Traditional device classification methods based on rule-based classification offer computational efficiency and are effective in recognizing known or unknown devices based on predefined patterns. However, these systems depend heavily on expert-defined rules and require manual updates to remain effective. Any modification, addition of new device attributes, or emergence of novel device types necessitates rewriting or extending the rule base. This inflexibility limits scalability and adaptability in dynamic IoT environments. Moreover, rule-based methods struggle to generalize across diverse device behaviors, reducing their robustness in complex or evolving networks [
10].
In recent years, AI and ML have shown promise in improving IoT device classification using passive traffic analysis [
11]. Yet, most conventional ML models grow in complexity as device diversity increases and may require substantial computational overhead or frequent retraining, an impractical requirement for resource-limited or air-gapped environments. To address these limitations, lightweight and explainable models are needed to offer high accuracy without compromising scalability or security posture.
Beyond accurate device classification, unknown device detection is essential for enforcing Zero Trust principles in IoT networks [
12]. Zero Trust assumes that no device should be inherently trusted, and continuous verification is required to prevent unauthorized access or lateral movement. Detecting unknown or unregistered devices in real-time serves as a first line of defense, enabling the network to block suspicious activity and enforce least privilege access policies. Given that IoT ecosystems are inherently resource-constrained, implementing unknown detection as an integrated component of the same classification model, rather than deploying it as an additional standalone layer, is critical.
This paper introduces an enhanced IoT device classification framework that modifies the logic of traditional supervised single-class algorithms, such as Naïve Bayes (NB), Decision Tree (DT), Random Forest (RF), and Multilayer Perceptron (MLP), to support multi-class and multi-label classification.

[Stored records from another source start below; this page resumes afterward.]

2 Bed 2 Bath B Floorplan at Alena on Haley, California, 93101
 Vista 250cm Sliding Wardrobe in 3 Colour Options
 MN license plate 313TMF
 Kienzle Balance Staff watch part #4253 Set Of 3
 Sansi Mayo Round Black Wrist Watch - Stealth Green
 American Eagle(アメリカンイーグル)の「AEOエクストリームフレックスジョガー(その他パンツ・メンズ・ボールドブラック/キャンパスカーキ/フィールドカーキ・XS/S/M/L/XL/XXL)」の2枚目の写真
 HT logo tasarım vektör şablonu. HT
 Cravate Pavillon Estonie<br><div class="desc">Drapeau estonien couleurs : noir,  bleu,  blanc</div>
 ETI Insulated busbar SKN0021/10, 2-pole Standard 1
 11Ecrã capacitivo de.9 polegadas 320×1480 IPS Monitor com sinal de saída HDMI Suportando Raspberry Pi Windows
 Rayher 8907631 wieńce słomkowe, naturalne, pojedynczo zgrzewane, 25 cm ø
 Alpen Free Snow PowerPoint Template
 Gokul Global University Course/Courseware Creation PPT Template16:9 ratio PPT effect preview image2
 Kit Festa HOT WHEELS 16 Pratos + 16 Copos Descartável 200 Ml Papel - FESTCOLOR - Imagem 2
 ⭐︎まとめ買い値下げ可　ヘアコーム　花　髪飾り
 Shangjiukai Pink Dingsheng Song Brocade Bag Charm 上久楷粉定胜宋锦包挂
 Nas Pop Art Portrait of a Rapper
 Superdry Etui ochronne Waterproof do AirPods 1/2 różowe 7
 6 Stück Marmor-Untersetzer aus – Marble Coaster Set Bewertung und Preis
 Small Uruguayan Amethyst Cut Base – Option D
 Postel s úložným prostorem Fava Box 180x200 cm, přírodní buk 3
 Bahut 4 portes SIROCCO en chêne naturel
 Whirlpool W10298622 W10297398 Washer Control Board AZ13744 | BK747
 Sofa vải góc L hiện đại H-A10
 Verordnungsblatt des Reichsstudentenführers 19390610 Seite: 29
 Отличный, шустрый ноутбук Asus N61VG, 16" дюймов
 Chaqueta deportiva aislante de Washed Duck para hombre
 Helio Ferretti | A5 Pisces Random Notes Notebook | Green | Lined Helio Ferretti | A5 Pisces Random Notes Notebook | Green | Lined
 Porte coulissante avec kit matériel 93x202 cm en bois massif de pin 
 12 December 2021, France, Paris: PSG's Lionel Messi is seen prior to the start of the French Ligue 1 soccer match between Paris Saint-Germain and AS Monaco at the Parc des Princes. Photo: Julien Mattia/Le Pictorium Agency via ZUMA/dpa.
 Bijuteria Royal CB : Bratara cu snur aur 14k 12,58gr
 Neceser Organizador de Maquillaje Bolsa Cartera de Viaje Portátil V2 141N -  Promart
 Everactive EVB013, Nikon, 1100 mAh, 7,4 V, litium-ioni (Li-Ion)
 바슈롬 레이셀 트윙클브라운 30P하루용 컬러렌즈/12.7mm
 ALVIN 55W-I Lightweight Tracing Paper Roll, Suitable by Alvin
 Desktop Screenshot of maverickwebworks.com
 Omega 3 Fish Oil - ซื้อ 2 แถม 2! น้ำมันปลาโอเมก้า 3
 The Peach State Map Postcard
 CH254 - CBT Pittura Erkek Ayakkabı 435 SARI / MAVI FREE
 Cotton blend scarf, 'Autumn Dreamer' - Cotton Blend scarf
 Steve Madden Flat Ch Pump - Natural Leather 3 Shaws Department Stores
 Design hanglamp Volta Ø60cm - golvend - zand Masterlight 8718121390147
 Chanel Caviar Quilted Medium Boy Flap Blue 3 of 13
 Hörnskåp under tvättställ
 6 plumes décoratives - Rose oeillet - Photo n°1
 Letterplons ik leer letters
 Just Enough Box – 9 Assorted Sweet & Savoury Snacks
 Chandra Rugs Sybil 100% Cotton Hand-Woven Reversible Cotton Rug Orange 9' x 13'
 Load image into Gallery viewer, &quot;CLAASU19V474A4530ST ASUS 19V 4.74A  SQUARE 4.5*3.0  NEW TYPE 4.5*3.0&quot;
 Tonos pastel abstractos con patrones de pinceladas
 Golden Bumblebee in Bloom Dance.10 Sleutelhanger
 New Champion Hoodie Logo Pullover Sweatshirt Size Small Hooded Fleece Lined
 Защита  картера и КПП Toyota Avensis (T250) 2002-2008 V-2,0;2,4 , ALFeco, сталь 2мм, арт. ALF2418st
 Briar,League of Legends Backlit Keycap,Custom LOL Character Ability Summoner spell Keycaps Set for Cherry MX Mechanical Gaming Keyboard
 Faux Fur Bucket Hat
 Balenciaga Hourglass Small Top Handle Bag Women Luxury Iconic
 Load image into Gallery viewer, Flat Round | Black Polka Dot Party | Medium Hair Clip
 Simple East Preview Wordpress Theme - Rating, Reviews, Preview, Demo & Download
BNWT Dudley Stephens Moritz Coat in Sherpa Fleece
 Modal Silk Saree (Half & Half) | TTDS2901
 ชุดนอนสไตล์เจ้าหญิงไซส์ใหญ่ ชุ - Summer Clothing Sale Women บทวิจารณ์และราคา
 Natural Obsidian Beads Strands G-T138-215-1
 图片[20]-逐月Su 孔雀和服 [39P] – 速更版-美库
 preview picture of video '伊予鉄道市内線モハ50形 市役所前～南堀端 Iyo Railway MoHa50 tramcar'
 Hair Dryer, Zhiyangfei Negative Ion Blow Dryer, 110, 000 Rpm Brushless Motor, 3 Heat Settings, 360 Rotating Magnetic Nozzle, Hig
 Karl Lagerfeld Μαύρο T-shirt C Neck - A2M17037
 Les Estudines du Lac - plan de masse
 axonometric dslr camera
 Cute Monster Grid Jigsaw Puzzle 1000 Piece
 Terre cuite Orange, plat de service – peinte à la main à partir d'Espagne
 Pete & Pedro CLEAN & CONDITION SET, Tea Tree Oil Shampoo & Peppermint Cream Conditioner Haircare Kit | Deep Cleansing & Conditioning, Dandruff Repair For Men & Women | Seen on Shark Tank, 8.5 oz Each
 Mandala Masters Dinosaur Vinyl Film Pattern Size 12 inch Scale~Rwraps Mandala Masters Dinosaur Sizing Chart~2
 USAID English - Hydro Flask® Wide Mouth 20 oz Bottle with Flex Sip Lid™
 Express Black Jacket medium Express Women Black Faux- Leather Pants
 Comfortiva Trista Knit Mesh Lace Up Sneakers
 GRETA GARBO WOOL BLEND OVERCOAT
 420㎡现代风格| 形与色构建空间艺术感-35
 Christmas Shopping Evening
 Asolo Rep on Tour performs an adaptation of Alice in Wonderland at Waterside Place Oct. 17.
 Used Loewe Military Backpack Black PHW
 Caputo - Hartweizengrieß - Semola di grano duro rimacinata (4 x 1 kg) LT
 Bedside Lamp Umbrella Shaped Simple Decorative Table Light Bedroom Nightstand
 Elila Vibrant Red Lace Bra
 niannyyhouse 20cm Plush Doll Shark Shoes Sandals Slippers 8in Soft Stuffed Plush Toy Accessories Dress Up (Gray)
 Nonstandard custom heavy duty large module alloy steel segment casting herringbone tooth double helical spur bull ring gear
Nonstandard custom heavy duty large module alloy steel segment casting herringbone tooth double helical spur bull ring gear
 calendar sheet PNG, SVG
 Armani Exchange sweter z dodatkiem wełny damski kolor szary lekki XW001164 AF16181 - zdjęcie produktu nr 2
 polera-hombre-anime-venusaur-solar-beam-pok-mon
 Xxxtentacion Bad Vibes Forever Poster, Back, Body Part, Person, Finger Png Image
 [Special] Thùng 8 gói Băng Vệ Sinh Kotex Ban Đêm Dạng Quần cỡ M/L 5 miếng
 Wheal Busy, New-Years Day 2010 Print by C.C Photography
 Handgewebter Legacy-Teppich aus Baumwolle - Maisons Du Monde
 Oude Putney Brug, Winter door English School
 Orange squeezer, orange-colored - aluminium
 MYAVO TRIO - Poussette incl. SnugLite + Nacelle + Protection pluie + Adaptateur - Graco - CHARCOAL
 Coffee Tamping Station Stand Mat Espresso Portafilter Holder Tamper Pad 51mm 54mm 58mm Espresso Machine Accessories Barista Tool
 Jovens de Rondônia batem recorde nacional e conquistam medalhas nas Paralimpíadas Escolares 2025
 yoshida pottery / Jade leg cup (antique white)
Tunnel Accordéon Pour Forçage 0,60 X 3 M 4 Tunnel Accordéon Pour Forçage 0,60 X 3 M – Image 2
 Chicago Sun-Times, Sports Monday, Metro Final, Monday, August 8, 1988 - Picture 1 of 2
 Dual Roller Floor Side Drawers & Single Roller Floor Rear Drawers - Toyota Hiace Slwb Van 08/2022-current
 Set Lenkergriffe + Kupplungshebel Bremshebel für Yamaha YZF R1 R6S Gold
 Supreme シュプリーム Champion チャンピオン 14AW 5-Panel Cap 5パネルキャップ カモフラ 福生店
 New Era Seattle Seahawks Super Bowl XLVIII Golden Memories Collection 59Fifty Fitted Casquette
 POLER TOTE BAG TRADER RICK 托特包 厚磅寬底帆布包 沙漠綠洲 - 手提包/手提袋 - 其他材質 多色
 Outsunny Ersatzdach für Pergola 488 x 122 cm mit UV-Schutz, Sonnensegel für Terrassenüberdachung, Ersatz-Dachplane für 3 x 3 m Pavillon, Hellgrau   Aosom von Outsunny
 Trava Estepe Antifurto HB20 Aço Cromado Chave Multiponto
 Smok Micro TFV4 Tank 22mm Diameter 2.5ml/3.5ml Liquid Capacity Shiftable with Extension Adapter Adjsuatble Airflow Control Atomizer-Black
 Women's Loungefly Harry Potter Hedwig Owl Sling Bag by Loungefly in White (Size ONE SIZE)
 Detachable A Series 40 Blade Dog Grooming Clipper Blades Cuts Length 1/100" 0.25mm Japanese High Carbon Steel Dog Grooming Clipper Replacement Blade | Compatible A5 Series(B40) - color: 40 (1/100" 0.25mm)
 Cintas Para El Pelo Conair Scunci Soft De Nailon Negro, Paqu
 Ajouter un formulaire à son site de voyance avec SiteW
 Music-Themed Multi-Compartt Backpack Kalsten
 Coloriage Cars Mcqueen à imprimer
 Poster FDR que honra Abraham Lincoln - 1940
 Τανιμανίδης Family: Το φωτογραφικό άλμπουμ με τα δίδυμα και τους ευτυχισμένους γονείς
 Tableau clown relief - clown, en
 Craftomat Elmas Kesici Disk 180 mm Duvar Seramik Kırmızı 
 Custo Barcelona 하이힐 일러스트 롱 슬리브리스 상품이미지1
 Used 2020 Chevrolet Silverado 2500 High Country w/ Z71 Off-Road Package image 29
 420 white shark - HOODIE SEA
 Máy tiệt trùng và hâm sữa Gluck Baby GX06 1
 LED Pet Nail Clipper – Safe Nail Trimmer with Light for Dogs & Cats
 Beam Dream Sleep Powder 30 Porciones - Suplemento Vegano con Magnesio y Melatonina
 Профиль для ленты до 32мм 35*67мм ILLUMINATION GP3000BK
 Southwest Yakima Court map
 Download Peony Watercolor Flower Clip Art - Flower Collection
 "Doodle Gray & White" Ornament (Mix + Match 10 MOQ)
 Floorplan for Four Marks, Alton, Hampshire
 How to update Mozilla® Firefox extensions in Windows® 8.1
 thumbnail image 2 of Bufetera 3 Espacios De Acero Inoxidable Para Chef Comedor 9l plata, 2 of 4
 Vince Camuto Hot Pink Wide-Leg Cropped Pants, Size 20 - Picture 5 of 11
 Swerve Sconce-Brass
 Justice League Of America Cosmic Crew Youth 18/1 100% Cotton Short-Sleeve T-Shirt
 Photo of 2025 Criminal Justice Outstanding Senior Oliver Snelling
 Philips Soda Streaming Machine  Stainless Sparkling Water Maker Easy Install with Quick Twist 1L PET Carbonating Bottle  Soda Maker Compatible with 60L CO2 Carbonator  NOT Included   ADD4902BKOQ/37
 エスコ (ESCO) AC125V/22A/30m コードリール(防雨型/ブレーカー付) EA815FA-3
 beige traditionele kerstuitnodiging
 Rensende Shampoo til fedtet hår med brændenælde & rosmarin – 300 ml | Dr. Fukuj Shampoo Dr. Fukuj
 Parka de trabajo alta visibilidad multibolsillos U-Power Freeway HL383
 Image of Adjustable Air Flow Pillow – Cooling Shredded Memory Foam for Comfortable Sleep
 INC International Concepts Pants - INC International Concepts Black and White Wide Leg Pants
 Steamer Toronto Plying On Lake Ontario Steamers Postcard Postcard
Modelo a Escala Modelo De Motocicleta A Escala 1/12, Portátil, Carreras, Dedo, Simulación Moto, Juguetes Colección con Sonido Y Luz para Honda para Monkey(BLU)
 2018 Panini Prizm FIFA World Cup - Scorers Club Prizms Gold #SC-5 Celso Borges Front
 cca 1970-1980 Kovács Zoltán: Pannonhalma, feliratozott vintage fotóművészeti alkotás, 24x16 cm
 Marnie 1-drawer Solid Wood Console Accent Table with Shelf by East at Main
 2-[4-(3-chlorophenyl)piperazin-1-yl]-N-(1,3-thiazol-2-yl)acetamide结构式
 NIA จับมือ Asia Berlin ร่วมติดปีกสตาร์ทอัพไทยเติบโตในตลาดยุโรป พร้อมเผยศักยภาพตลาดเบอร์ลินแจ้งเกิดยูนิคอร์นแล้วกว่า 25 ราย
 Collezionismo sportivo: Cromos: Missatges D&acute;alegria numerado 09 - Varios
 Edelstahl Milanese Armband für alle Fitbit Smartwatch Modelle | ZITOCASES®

This modification enables the grouping of devices from different vendors that, despite branding differences, share similar hardware architectures, firmware components, and network traffic patterns, particularly during the booting phase. Recognizing their behavioral similarity, these devices can be classified and treated uniformly across multiple layers of defense. This unified treatment enables scalable policy enforcement and enhances detection accuracy in anomaly detection systems by aligning baseline expectations to device types rather than individual models. The proposed approach reduces computational overhead and simplifies model deployment in real-world IoT networks. Experimental results demonstrate the feasibility and effectiveness of this method, achieving near 100% accuracy under the multi-label evaluation setting with calibrated thresholds and providing a strong foundation for enforcing Zero Trust Security and Least Privilege access in constrained IoT environments.
The remainder of this paper is structured as follows:
Section 2 reviews related work on IoT device classification and unknown device detection.
Section 3 presents the overall system architecture and its main components.
Section 4 describes the network feature extraction process, including tokenization and vectorization steps.
Section 5 outlines the experimental design, dataset composition, and model training and evaluation approach.
Section 6 details the probability calculation process used in classification.
Section 7 introduces the proposed multilabel classification methodology, while
Section 8 explains the unknown device detection method.
Section 9 reports and analyzes the experimental results.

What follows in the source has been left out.